Would be a fun Rifftrax movie, though. In fact, fun to watch and make fun of in general. Then again, it is dull beyond belief in longer stretches.
The rest:
Lisa Frankenstein
Madame Web - clearly no one acting knew the plot. Very odd.
Challengers - on many best lists. Uh, I hated it. Shallow. I hated the whole thing.
Street Trash - not even fun as a trash movie
Humane - I was into it early on…but it ended up being really bad.
Sometimes I Think About Dying - the joke writes itself for this one. So dull.
Death Streamer - from Full Moon Pictures, but lame for even their fun bad movies. Boring.
Agreed that Megalopolis was the worst movie in ages. A gigantic fustercluck and a waste of millions of dollars. Madame Web made my list as well, as did Lisa Frankenstein (though I know a lot of people who really liked the latter).
I’d add Red One. Ugly, cynical towards its audience, devoid of soul and laughs. I’m glad I watched it on streaming rather than on the big screen.
I can’t imagine doing a worst movies list: I only watch movies via streaming and if I don’t like it I quit watching after 5, 10, 15 or whatever minutes.
I try to forget bad movies as soon as I’ve seen them but two that I specifically remember leaving the theater feeling like someone owes me two hours of my life back were The Ministry of Ungentlemanly Warfare and Monster Summer.
A lot of people crap on Borderlands but I thought it was entertaining enough. It was bad though, I do not dispute that at all.
My nominee for unquestionable worst movie I saw was the 2024 reboot of The Crow. I think there could still be life left in the franchise and I think there are some good stories to be told here but this sure as hell was not it.
Madame Web was a great example of how to spend a ton of money making a bad movie. They could have embraced the cheese and it might have been glorious in a so-bad-it’s-good kind of way but instead they decided to have this movie try to take itself seriously.
I liked Red One but it is absolutely a “turn off your brain” movie.
Here’s somebody’s list of worst movies (and some TV shows) of 2024. I haven’t seen but a few of those. (Ditto not seen any Razzie noms.) I am surprised to see The Idea of You and The Greatest Hits on it. Both are decent enough or better. Different strokes.
For the one that stands in terms of relative badness, expectations vs. delivery, is Beetlejuice, Beetlejuice.
But slightly worse in absolute terms is Greedy People.
Agree on Ministry, in terms of biggest disappointment.
It’s a great premise and idea, based on a true story and I’ve loved the last couple of Guy Ritchie’s movies, but holy shit what TERRIBLE action sequences which were the entire point of the movie. So boringly shot, the heroes literally slowly walk through scenes and murder the bad guys with absolutely no real effort. The bad guys in Commando gave Arnie more trouble than the entire Nazi army in this.

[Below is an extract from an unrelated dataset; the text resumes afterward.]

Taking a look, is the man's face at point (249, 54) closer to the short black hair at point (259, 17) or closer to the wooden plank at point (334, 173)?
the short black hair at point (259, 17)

Even though I saw 158 films last year, I only saw one mentioned in this thread, Megalopolis. (And Challengers too but that wasn’t a bad movie…)
All of these other films looked terrible just from the trailer or word of mouth. Rarely do I see a film that is actually bad because I just don’t go see things I know I won’t like. Most of my least liked films of the year I wouldn’t even say are bad, they just did not work for me.
The Front Room (now this one was truly a piece of shit and was really the only film I saw that I actually hated) Megalopolis (although I didn’t like it, I am glad I saw it, and it was truly an experience seen on the largest screen in the country) Y2K Venom: The Last Dance Rumours All We Imagine as Light (yeah yeah some people say it’s great, it was boring and meandering with no plot) Moana 2 (sequel that did not need to exist) Mufasa: The Lion King (ditto)
Prabha rescues a middle-aged man from drowning by resuscitating him with CPR. While he is waiting for the local doctor, Prabha cleans and cares for him.She begins having a conversation with him, transforming him into her husband. He apologies for abandoning her and seeks her forgiveness, but she tells him that she does not want to see him ever again.
Does that mean he is her husband and slowly the audience realizes, she pretends he is, she pretends in her head (nothing actually happens), or she literally transforms him in some weird fantastical Indian film way (and they all sing and dance at the end? )
IMO she either pretends he is and he goes along with it, or it’s all in her head. For that to have actually been her husband strains all kinds of credibility. If I remember right, she was in another part of the country when that happens so for her actual husband to suddenly wash up onshore and she just so happens to be there would be so stupid and unbelievable.